Assigned task — Restate the data that follows exactly as it stands, beginning with the first line and ending with the line that contains "May include: A".

::::

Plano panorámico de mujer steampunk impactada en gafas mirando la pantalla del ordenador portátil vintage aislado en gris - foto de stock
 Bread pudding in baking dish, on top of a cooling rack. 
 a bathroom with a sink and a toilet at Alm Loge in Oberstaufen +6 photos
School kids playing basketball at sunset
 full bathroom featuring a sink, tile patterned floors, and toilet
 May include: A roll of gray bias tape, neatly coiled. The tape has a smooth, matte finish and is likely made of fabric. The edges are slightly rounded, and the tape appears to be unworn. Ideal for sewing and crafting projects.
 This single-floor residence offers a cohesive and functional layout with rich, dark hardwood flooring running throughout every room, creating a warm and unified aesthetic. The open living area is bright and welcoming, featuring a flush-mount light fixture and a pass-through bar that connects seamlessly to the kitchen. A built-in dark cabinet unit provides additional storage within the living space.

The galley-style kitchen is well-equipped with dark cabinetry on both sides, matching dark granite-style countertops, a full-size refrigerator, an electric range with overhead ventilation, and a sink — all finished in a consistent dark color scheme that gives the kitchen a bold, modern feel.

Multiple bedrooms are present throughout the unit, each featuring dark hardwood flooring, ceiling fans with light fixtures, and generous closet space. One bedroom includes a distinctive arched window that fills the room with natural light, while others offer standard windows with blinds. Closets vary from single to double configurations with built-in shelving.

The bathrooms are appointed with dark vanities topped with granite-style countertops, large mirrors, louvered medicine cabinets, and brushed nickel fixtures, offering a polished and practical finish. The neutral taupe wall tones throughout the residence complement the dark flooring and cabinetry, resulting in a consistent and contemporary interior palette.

::::

Solved exercise —
Plano panorámico de mujer steampunk impactada en gafas mirando la pantalla del ordenador portátil vintage aislado en gris - foto de stock
 Bread pudding in baking dish, on top of a cooling rack. 
 a bathroom with a sink and a toilet at Alm Loge in Oberstaufen +6 photos
School kids playing basketball at sunset
 full bathroom featuring a sink, tile patterned floors, and toilet
 May include: A roll of gray bias tape, neatly coiled. The tape has a smooth, matte finish and is likely made of fabric. The edges are slightly rounded, and the tape appears to be unworn. Ideal for sewing and crafting projects.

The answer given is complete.